Dans « Algérie du possible », Viviane Candas enquête sur la mort de son père près de Constantine en Algérie en 1966 et sur le déraillement de la révolution algérienne.
Yves Mathieu avait 42 ans lorsqu’il est mort dans un accident de voiture le 16 mai 1966. Sa fille Viviane Candas avait 12 ans et était élève au lycée français d’Alger lorsque le drame s’est produit. C’est un camion de l’armée algérienne qui provoqua l’accident. De sérieux indices laissent supposer qu’il s’agissait d’un assassinat.
Yves Mathieu était en effet lié à Ben Bella, déposé par le coup d’État militaire par le Colonel Boumediene un an auparavant. Avocat des « terroristes » du FLN impliqués dans le sabotage des dépôts de pétrole de Mourépiane près de Marseille en 1958, il était venu vivre à Alger lors de l’indépendance, en 1962.
Mathieu avait joué un rôle important dans la rédaction des décrets de mars 1963 qui organisaient la nationalisation des biens laissés vacants par les Européens qui avaient fui l’Algérie. C’était un partisan convaincu de l’autogestion. Les domaines agricoles confisqués aux colons allaient être exploités par les paysans qui éliraient un comité de gestion chargé de prendre les décisions qu’un directeur nommé par l’État appliquerait.
Le film de Viviane Candas rappelle l’extraordinaire ferveur qui accompagna la mise en place de l’autogestion, en même temps que les foules s’enthousiasmaient lors de la visite en Algérie de Nasser, Chou Enlai ou Guevara. Des centaines de milliers de volontaires venaient replanter des arbres là où le napalm avait brûlé la végétation.

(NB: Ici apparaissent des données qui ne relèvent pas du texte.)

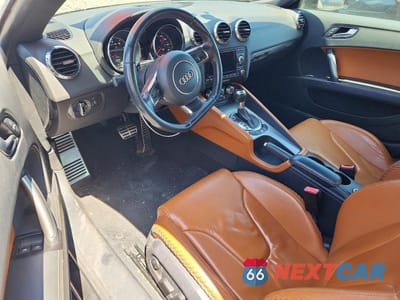 Zdjęcie 8 z 12 samochodu: 2013 AUDI TT PREMIUM PLUS VIN:TRUBFAFK8D1012781 - miniatura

Pourquoi l’autogestion a-t-elle fait long feu ? Il y a à cela des raisons endogènes : les paysans et ouvriers n’avaient pas la formation qui leur aurait permis de mettre les directeurs appointés par l’État au service de leurs intérêts, et ceux-ci devinrent vite seuls maîtres à bord. L’autogestion a aussi été victime de promesses non tenues : les prêts qui avaient été annoncés ne sont jamais venus. Enfin, le pouvoir fut totalement détenu à partir de l’éviction de Ben Bella par l’armée, dont le principe de fonctionnement a peu à voir avec la logique de l’autogestion.
« Algérie du possible » donne la parole à de nombreux témoins des événements, à commencer par Ahmed Ben Bella lui-même, qui fut interviewé avant sa mort survenue en 2009. Le film laisse un goût amer. Peu importe au fond si Yves Mathieu a été victime d’un assassinat. Les idées qu’il défendait étaient déjà moribondes : le rêve d’une Algérie autosuffisante sur le plan alimentaire grâce à ses paysans et exportatrice vers l’Afrique noire grâce à ses ouvriers autogérés ne s’est pas réalisé. Le pays est devenu de plus en plus dépendant de la rente des hydrocarbures, largement confisquée par la classe dirigeante.